Prof. Dr. Ersin Nazif GÜRDOĞAN

Akademisyen

engurdogan@gmail.com

Açgözlü İnsanların Yol Açtıkları Yıkımların Üstesinden Tokgözlü İnsanlarla Gelinir

Açgözlülüğü baş tacı edinenlerin, en yüksek gelirliler gibi yaşama tutkusunun, yol açtığı finansal krizler, bulaşıcı hastalık gibi bütün dünyaya yayılıyor. Batı ülkelerinde açgözlülüğün akıl almaz boyutlara ulaşması, dünyayı büyük bir yangın alanına çevirmiştir. Batılıların Doğuluların tasarruflarıyla, bolluk içinde yaşama rüyası, bütün ülkelerde büyük  yıkımlara yol açmıştır. Rüya ülkeleri, kriz ülkelerine dönüşmektedir. 

İnsanların yüksek gelirliler gibi, yaşamaya özendirildiği, “Baştan çıkarıcı bolluk” peşinde, koşan Amerikan toplumu, Zbigniew Brezinski’nin “Kontrolden Çıkmış Dünya”, kitabında vurguladığı gibi, “Hiçbir ahlaki değerlendirme ölçüsü olmayan bir toplumdur”. Karınları doyurmaktan daha çok, gözleri doyurmaya yarayan, insanları dört bir yanından kuşatan, tüketilip atılan kısa ömürlü ürünleriyle, Amerika dünyadaki bütün insanların, akıllarını başlarından almaktadır. 

Amerika’da sık sık baş gösteren, bütün ülkeleri etkisi altına alan, finansal krizlere karşı alınması gereken önlemlerin başında, hiçbir sınır tanımayan açgözlülüğün önlenmesi gelir. Amerika’da olduğu gibi, Çin’de insanlar, Amerikalılar gibi borçlanarak, geleceğin gelirlerini önceden harcamaya özendirilirlerse, finansal krizlerle birlikte, siyasal krizler bütün dünyaya yayılır. Ekonomik bağımlılıklar dünyasında, bir ülkenin krizi, bütün ülkelerin krizidir. 

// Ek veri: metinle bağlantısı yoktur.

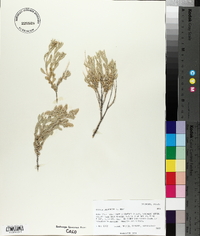 Grayia brandegei image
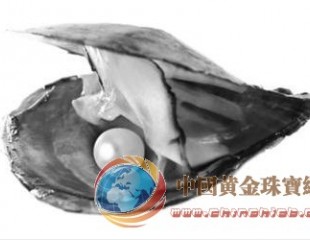 水产学院教授揭底大连不产珍珠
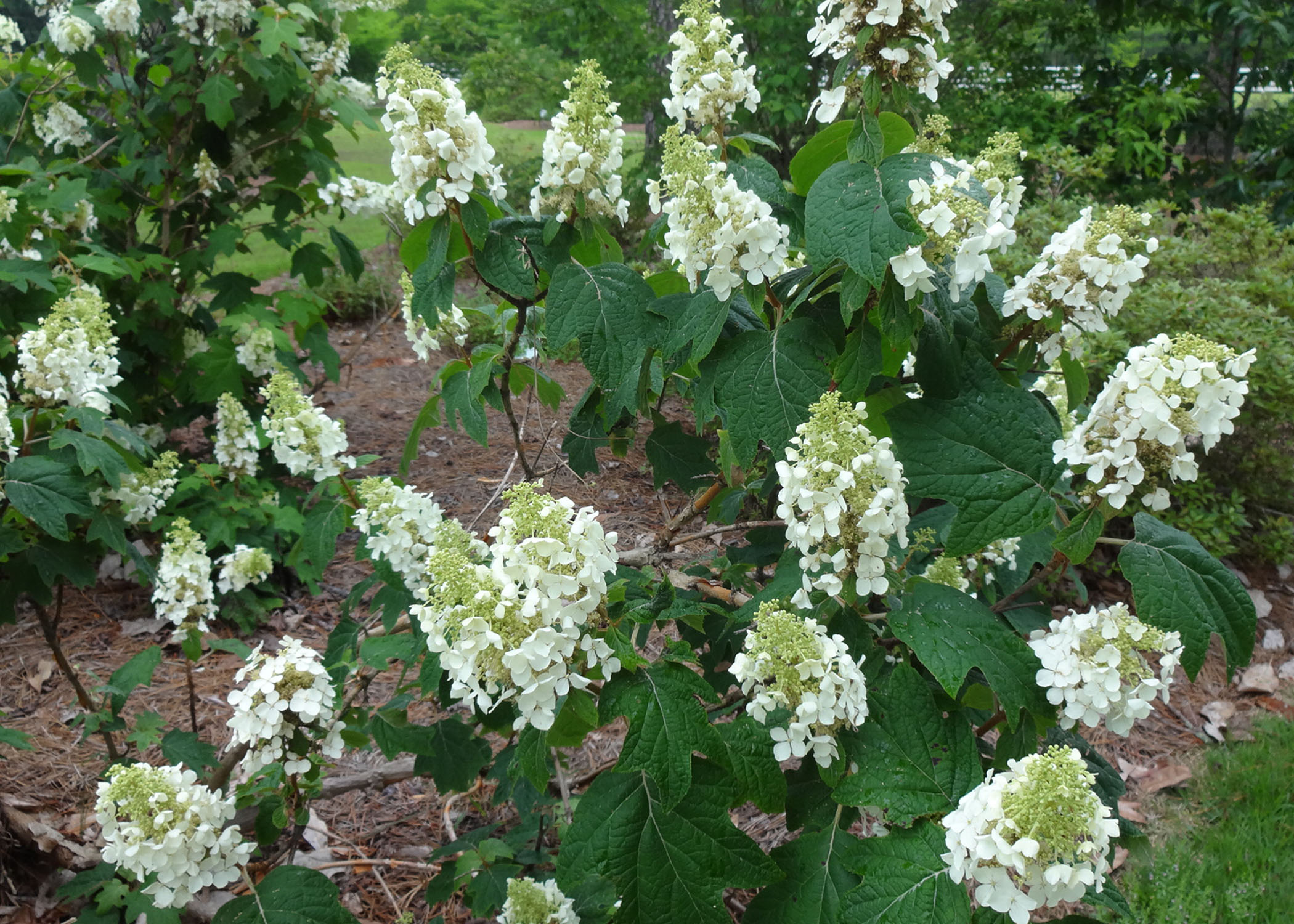 Check out this alternative hydrangea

İnsanlar en yüksek gelirliler gibi değil, en düşük gelirliler gibi yaşamaya özenseler, herkesin gelir gider seviyesi, hiç kimsenin hayat standardını düşürmeden yükselir.  Dünyanın doğal kaynakları, bütün insanların zorunlu ihtiyaçlarını, karşılamaya yetecek zenginliktedir. Dünyada bütün ülkeler Amerikalılar gibi, borçlanarak gerçek ihtiyaçlardan önce, yapay ihtiyaçları karşılamaya odaklanırlarsa, finansal krizlerin önüne, hiçbir  uluslarüstü  küresel banka geçemez.

*  

Dünyayı büyük bir kullanılıp atılan ürünler, çöplüğe dönüştüren tüketim çılgınlığının, ekonomide yol açtığı krizlerden kurtulmak için, herkesin tokgözlü düşünmesini ve tokgözlü yaşamasını öğrenmesi gerekir. Yirmi birinci yüzyılda tokgözlülük, bütün ülkelerin en önemli ve en etkili güç kaynağı olacaktır. Topluma, insana ve çevreye dost ürün, hizmet ve bilgi üretmek isteyen bütün kuruluşlar, insanların hem karınlarını, hem de gözlerini doyuracaklardır.

Bütün dünyaya bir sel suyu gibi yayılan açgözlülüğün, oluşturduğu çekim alanının büyüsüne, tokgözlü olmasını bilenler, hiçbir zaman kapılmazlar. Onlar her dönemde yeteneklerine göre üretmesini ve temel ihtiyaçları kadar tüketmesini, açgözlülerden çok daha iyi bilirler. Krizlerle bütün kurumlar ve bütün kuruluşlar, tokgözlüğün doğurduğu gücü, keşfetmek zorundadırlar. Tokgözlülük ekonomik olduğu kadar, herkesin yararlandığı kültürel  zenginliktir. 

Krizlerde tokgözlülük, kazancı en büyük olan yatırım kaynağıdır.

Dünyada tokgözlü olan güçlüdür, güçlü olan tokgözlüdür.

*

Tokgözlülüğe yatırım yapanlar, hiç zarar etmezler.